The plan called for allowing the president to appoint an additional justice to the Supreme Court for every sitting justice over the age of 70. Given the makeup of the Supreme Court at the time this would have allowed Roosevelt to appoint an additional 6 justices.
As the constitution made no provision for the number of justices on the Supreme Court, Roosevelt's scheme was not seen as overtly unconstitutional. It was, however, seen a brazen attempt to circumvent the constitution's inherent system of checks and balances and it was met with immediate criticism.
Jeff Shesol, author of Supreme Power: Franklin Roosevelt v The Supreme Court, stated that upon learning of FDR's plan, even members of his own administration reacted with incredulity. "John Nance Garner, who was Roosevelt's vice president, went back with him to Capitol Hill, stood in the well of the Senate and, as the plan was read aloud to the senators, Garner held his nose and gestured thumbs down,” said Shesol.
As debate over FDR's court packing scheme intensified in the ensuing months, the public grew increasingly unsupportive of his idea. Although personally popular, FDR’s attempt to pack the court with political cronies was seen as far more offensive than was the court having invalidated many of FDR’s legislative undertakings.

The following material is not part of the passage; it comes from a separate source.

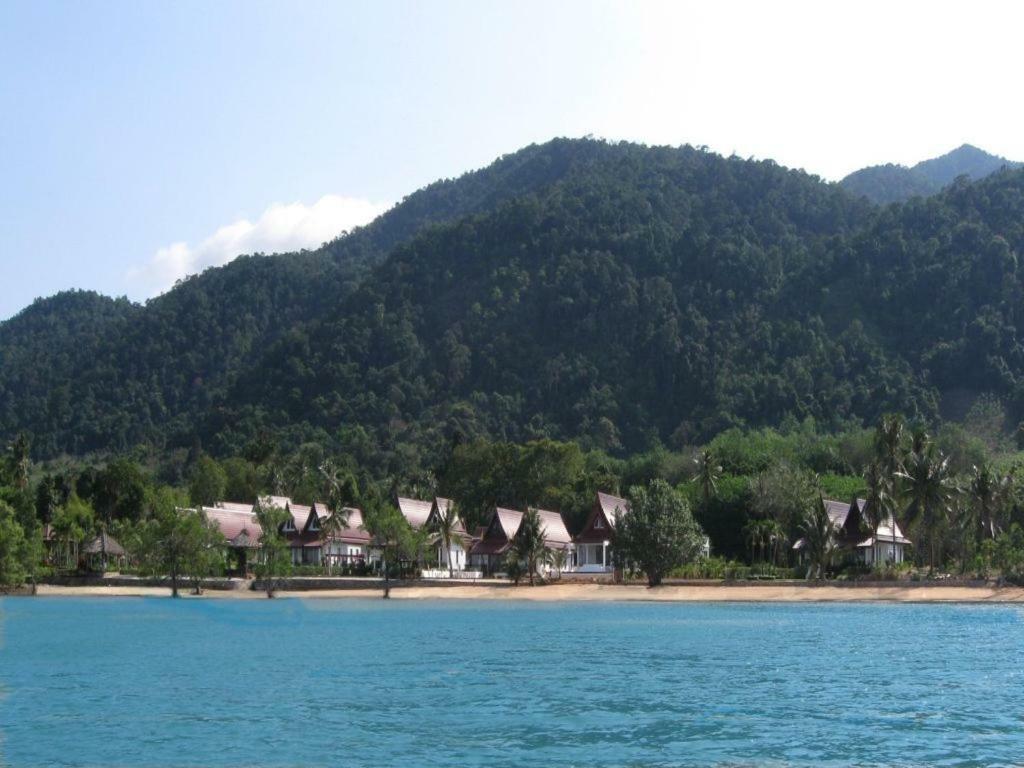 Tulip Villa Oceanview เกาะช้าง ภายนอก รูปภาพ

In an article for the American Political Science Review, author Gregory Caldeira wrote that the central debate had less to do with the specifics of New Deal legislation, rather, "FDR's proposal forced the public to choose between the widely approved policies of an extremely popular president and the institutional integrity of a controversial Supreme Court."

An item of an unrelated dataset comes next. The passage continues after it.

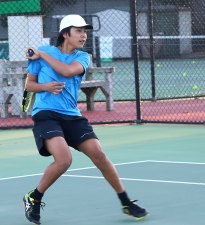 Diego Quispe Kim Tennis 2020 web22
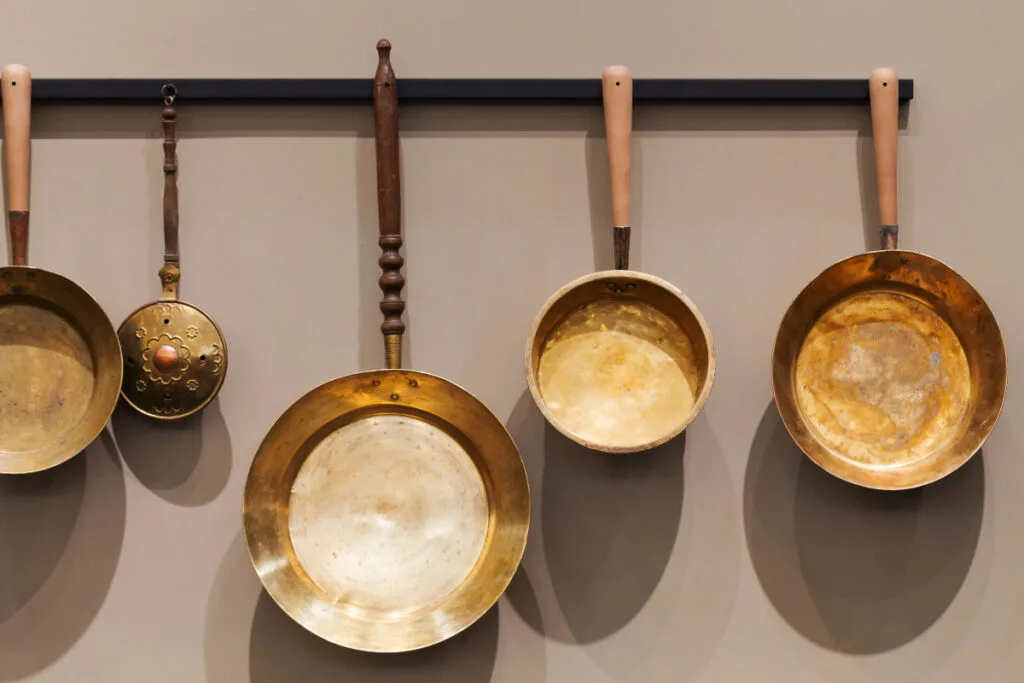 Antique Cookware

The public ultimately supported the maintenance of governmental checks and balances and soured on FDR’s attempt to inflate the power of the presidency at the expense of the judiciary.
Following a series of influential events that included the retirement of Justice Willis Van Devanter as well as the Court’s validation of the Wagner Act, a significant piece of Roosevelt’s New Deal, an amended version of the Judiciary Reorganization Bill was passed on August 26, 1937, having been stripped of its most contentious elements, including the increase in Supreme Court justices.
President Obama, himself enjoying far less public support than FDR in his day, ought take a hard look at history and consider a renewed attempt at building consensus through leadership rather than opting for the imperious approach of governing through executive fiat.
Pens and phone calls may allow for the easier implementation of Mr. Obama’s agenda but it would be inconsistent with the Founder's intent of a government predicated upon, among other things, the separation of powers.
Understandably, the public at times becomes frustrated by warring factions in Washington but it will always opt on the side of maintaining institutional integrity over the whims of a frustrated executive. Mr. Obama should accept that reality and understand that leading a divided government often requires conciliation, not an aggrandized executive.